Sur l'emblématique Avenue Paulista, une foule compacte de plusieurs centaines de milliers de personnes est venue acclamer le président élu. "La démocratie est de retour au Brésil, la liberté est de retour!", a-t-il scandé depuis une estrade, devant une foule gigantesque en liesse. Lula a été rapidement félicité par plusieurs dirigeants étrangers. Le président américain Joe Biden a salué son élection "libre et juste" et son homologue français Emmanuel Macron a estimé que sa victoire "ouvre une nouvelle page de l'histoire du Brésil".
"Notre pays est trop grand pour être relégué au triste rôle de paria", a déclaré le président élu dans son discours de victoire, assurant que le Brésil était "de retour" sur la scène internationale. Lula a également évoqué le sujet brûlant de l'Amazonie, où la déforestation et les incendies ont fortement augmenté sous le mandat de Jair Bolsonaro.
"Le Brésil est prêt à jouer à nouveau les premiers rôles dans la lutte contre le changement climatique. Le Brésil et la planète ont besoin d'une Amazonie en vie", a-t-il dit. "Le cauchemar est enfin terminé.

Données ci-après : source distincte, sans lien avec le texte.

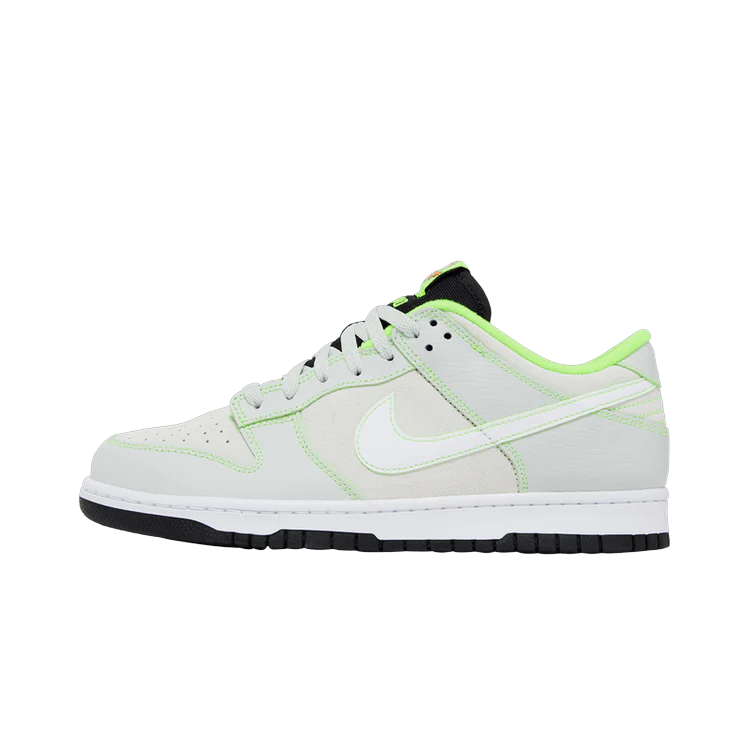 Nike Dunk Low University of Oregon PE (2023), Light Silver/White/Black/Electric Green (FQ7260-001)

Lula doit agir fermement et rapidement sur l'environnement", a réagi le collectif d'ONG Observatoire du Climat.
Espoir d'une "saine transition"
Les Bolsonariste, eux, étaient particulièrement amers. "Je suis révoltée, le peuple brésilien ne va pas avaler une élection manipulée comme cela et remettre le pays entre les mains d'un bandit. Bolsonaro doit agir vite, sinon, on ne pourra plus rien faire", dit Ruth da Silva Barbosa, enseignante de 50 ans, dépitée après avoir suivi le dépouillement à Brasilia.
Mais plusieurs alliés importants de Jair Bolsonaro ont reconnu sa défaite, comme l'ancien juge anticorruption Sergio Moro. "La démocratie est ainsi. Je serai dans l'opposition en 2023", a tweeté celui qui avait envoyé Lula en prison. Douze gouverneurs d'Etats brésiliens ont également été élus dimanche, dont le bolsonariste Tarcisio de Freitas dans l'Etat de Sao Paulo, le plus peuplé et le plus riche du Brésil.